In behavior analysis, researchers and practitioners typically use single-case designs such as the reversal design, the alternating-treatment design, and the multiple baseline design to demonstrate experimental control (Gast & Ledford, 2018; Horner et al., 2005; Kratochwill et al., 2010). Among these designs, researchers have found that multiple baseline designs were the most frequently used (Coon & Rapp, 2018; Shadish & Sullivan, 2011; Smith, 2012). In contrast with other single-case designs, the multiple baseline design does not require the withdrawal of the treatment or the establishment of a criterion to be gradually changed, which may explain its predominant use in single-case research (Baer, Wolf, & Risley, 1968; Kratochwill & Levin, 2014).

The multiple baseline design involves the sequential introduction of an independent variable across behaviors, contexts, or participants (see Fig. 1 for two examples of multiple baseline graphs). When analyzing multiple baseline graphs, experimenters depict each behavior, context, or participant with a different AB comparison. We may refer to each of these individual AB comparisons as tiers. For example, the left graph of Fig. 1 contains three different tiers. Each tier must remain functionally independent; that is, the introduction of the independent variable in one tier should not be expected to produce changes in another tier (i.e., behavior, context, or participant). When the purpose of the study is to demonstrate experimental control, the experimenter should only introduce the independent variable in a tier when the previous tier (i.e., preceding AB comparison) shows a clear change.

Fig. 1
figure 1

Multiple Baseline Graphs wherein the Observers and the Dual-Criteria Method Always Agreed on the Presence or Absence of a Clear Change

Through the initiative of the What Works Clearinghouse (WWC), Kratochwill et al. (2010) developed highly cited guidelines for evidence-based single-case research, which include specific design criteria for multiple baseline designs. For multiple baseline designs to meet the criteria without reservation, the introduction of the independent variable must be staggered across tiers, the design must contain a minimum of three AB tiers, and each phase must have at least five data points. For the results of a three-tier multiple baseline design to qualify as strong evidence of a functional relationship between the independent and the dependent variables, all three temporally independent replications must demonstrate an effect. This criterion is not unique to the WWC guidelines: Other standards to evaluate the quality of single-case designs recommend three demonstrations, too (e.g., Tate et al., 2013). In a recent textbook, Gast, Lloyd, and Ledford (2018) also suggest that researchers and practitioners should aim for three or four demonstrations of effects when using a multiple baseline design.

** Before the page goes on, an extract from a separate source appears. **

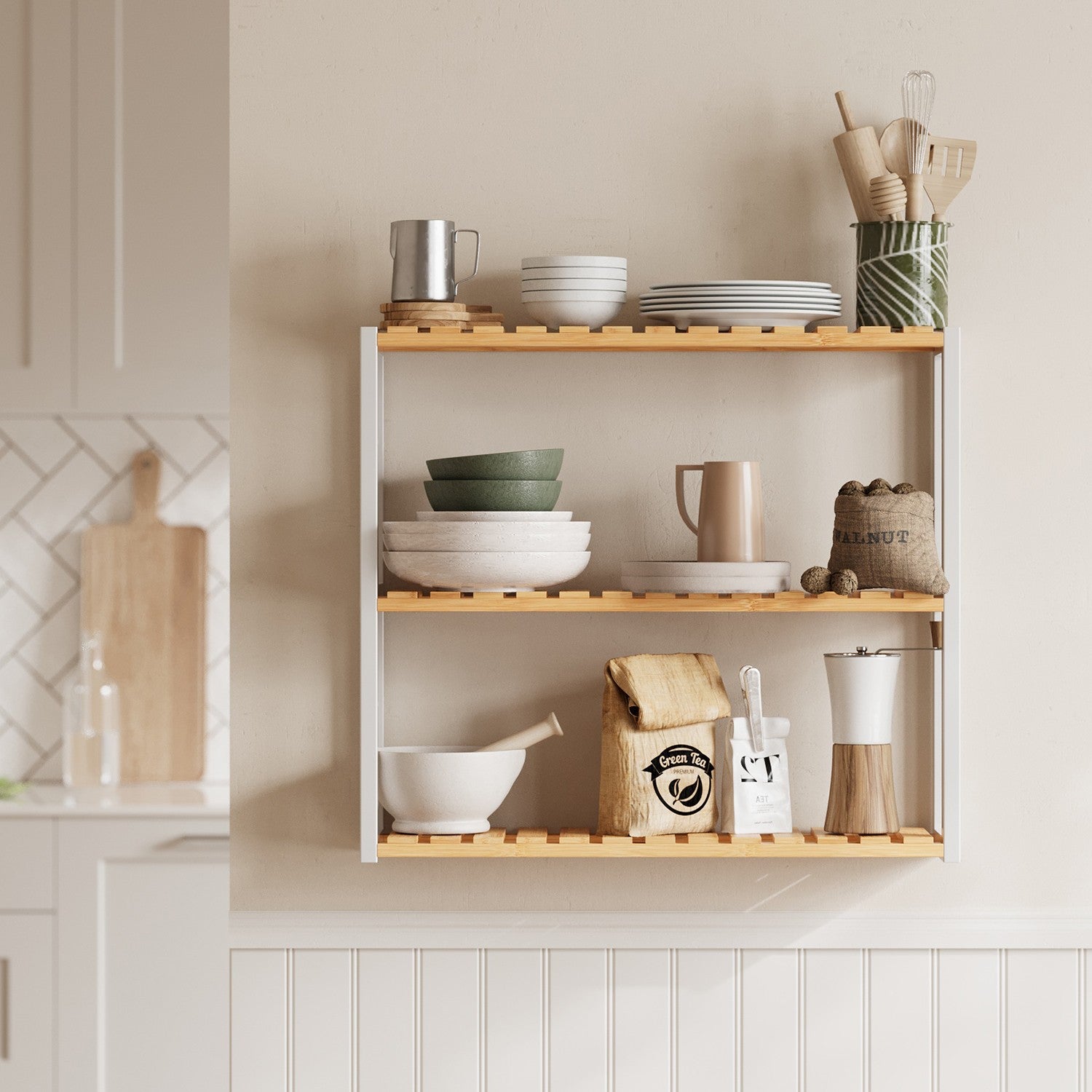 Badkamerplank, badkamerplank, plantenplank met 3 verstelbare planken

Despite its widespread adoption, the current recommendation of requiring three demonstrations of effects does not appear grounded in empirical evidence. One concern is that this recommendation may be overly stringent. Assuming that the analysis of AB designs had an average power of .80, we would statistically expect the three tiers of multiple baseline designs to agree only 51.2% of the time (i.e., .803) in the presence of a true effect. Thus, the current recommendation would lead to erroneous conclusions in a large proportion of cases. The main purpose of our study was to address this issue by assessing Type I error rate (false positives) and power in multiple baseline designs with varying numbers of tiers.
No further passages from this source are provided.